▶ _Problem to solve_
Retype every record exactly as it appears.

▶ _Records supplied_
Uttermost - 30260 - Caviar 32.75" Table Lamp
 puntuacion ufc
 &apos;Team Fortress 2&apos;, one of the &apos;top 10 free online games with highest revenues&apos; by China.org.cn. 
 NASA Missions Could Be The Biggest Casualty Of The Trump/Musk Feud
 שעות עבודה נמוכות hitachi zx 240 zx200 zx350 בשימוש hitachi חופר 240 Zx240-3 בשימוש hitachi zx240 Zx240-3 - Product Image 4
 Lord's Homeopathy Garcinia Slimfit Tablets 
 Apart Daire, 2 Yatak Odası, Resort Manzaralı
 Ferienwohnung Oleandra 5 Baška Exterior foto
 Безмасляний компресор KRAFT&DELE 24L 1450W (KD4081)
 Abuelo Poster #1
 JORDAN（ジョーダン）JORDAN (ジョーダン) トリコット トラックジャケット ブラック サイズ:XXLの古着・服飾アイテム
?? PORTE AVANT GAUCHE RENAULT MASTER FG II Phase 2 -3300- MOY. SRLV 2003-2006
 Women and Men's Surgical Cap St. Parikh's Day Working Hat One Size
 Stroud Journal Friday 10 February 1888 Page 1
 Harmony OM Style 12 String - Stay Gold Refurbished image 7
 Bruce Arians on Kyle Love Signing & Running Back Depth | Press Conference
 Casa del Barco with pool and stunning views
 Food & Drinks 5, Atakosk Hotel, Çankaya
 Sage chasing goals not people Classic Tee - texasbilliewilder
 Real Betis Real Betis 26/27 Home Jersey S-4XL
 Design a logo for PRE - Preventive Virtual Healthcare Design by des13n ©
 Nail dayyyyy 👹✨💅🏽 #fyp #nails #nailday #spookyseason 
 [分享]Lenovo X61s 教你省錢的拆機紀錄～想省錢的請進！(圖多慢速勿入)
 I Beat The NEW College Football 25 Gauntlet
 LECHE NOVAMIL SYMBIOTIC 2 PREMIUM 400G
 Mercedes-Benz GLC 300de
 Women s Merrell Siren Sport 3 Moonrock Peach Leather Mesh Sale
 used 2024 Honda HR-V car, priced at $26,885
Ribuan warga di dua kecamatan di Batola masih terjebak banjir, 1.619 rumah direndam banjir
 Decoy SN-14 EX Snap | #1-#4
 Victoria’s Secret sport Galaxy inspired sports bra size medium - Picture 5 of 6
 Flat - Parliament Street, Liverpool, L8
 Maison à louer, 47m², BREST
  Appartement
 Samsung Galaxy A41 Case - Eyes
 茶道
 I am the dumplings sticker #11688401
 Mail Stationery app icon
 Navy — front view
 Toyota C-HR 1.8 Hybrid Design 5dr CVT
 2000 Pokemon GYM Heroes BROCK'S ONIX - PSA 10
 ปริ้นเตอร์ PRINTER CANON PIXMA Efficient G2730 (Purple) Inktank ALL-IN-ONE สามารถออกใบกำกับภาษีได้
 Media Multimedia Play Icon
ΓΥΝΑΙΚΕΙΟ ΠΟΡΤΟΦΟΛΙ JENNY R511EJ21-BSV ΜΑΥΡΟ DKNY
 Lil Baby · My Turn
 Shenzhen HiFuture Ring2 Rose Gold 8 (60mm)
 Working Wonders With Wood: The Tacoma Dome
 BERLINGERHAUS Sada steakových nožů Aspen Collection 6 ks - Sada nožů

▶ _Expected answer_
Uttermost - 30260 - Caviar 32.75" Table Lamp
 puntuacion ufc
 &apos;Team Fortress 2&apos;, one of the &apos;top 10 free online games with highest revenues&apos; by China.org.cn. 
 NASA Missions Could Be The Biggest Casualty Of The Trump/Musk Feud
 שעות עבודה נמוכות hitachi zx 240 zx200 zx350 בשימוש hitachi חופר 240 Zx240-3 בשימוש hitachi zx240 Zx240-3 - Product Image 4
 Lord's Homeopathy Garcinia Slimfit Tablets 
 Apart Daire, 2 Yatak Odası, Resort Manzaralı
 Ferienwohnung Oleandra 5 Baška Exterior foto
 Безмасляний компресор KRAFT&DELE 24L 1450W (KD4081)
 Abuelo Poster #1
 JORDAN（ジョーダン）JORDAN (ジョーダン) トリコット トラックジャケット ブラック サイズ:XXLの古着・服飾アイテム
?? PORTE AVANT GAUCHE RENAULT MASTER FG II Phase 2 -3300- MOY. SRLV 2003-2006
 Women and Men's Surgical Cap St. Parikh's Day Working Hat One Size
 Stroud Journal Friday 10 February 1888 Page 1
 Harmony OM Style 12 String - Stay Gold Refurbished image 7
 Bruce Arians on Kyle Love Signing & Running Back Depth | Press Conference
 Casa del Barco with pool and stunning views
 Food & Drinks 5, Atakosk Hotel, Çankaya
 Sage chasing goals not people Classic Tee - texasbilliewilder
 Real Betis Real Betis 26/27 Home Jersey S-4XL
 Design a logo for PRE - Preventive Virtual Healthcare Design by des13n ©
 Nail dayyyyy 👹✨💅🏽 #fyp #nails #nailday #spookyseason 
 [分享]Lenovo X61s 教你省錢的拆機紀錄～想省錢的請進！(圖多慢速勿入)
 I Beat The NEW College Football 25 Gauntlet
 LECHE NOVAMIL SYMBIOTIC 2 PREMIUM 400G
 Mercedes-Benz GLC 300de
 Women s Merrell Siren Sport 3 Moonrock Peach Leather Mesh Sale
 used 2024 Honda HR-V car, priced at $26,885
Ribuan warga di dua kecamatan di Batola masih terjebak banjir, 1.619 rumah direndam banjir
 Decoy SN-14 EX Snap | #1-#4
 Victoria’s Secret sport Galaxy inspired sports bra size medium - Picture 5 of 6
 Flat - Parliament Street, Liverpool, L8
 Maison à louer, 47m², BREST
  Appartement
 Samsung Galaxy A41 Case - Eyes
 茶道
 I am the dumplings sticker #11688401
 Mail Stationery app icon
 Navy — front view
 Toyota C-HR 1.8 Hybrid Design 5dr CVT
 2000 Pokemon GYM Heroes BROCK'S ONIX - PSA 10
 ปริ้นเตอร์ PRINTER CANON PIXMA Efficient G2730 (Purple) Inktank ALL-IN-ONE สามารถออกใบกำกับภาษีได้
 Media Multimedia Play Icon
ΓΥΝΑΙΚΕΙΟ ΠΟΡΤΟΦΟΛΙ JENNY R511EJ21-BSV ΜΑΥΡΟ DKNY
 Lil Baby · My Turn
 Shenzhen HiFuture Ring2 Rose Gold 8 (60mm)
 Working Wonders With Wood: The Tacoma Dome
 BERLINGERHAUS Sada steakových nožů Aspen Collection 6 ks - Sada nožů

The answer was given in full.